PROBLEM TO WORK ON | Please write out only the lines from the line with "早秋独特超好看套装女深灰色假两件针织开衫花苞裙两件套2025新款" to the line with "ขาย Suzuki hayabusa ปี2011 ทะเบียนแท้", inclusive, exactly as they stand below, without the pictures.

THE RECORDS |
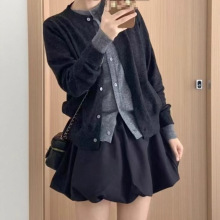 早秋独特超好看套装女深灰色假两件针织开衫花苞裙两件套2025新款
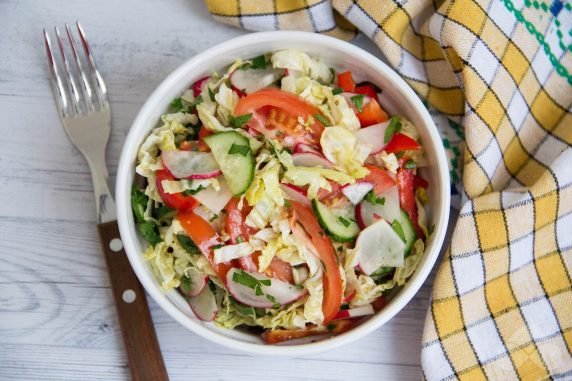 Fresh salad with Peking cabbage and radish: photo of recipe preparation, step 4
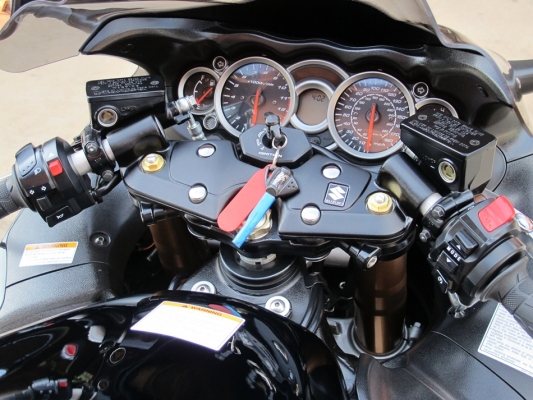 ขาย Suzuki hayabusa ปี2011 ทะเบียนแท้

* * *

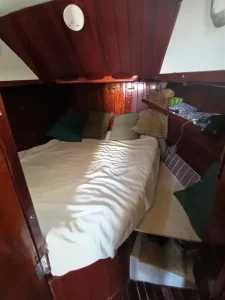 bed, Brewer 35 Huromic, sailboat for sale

ANSWER TO THE PROBLEM |
 早秋独特超好看套装女深灰色假两件针织开衫花苞裙两件套2025新款
 Fresh salad with Peking cabbage and radish: photo of recipe preparation, step 4
 ขาย Suzuki hayabusa ปี2011 ทะเบียนแท้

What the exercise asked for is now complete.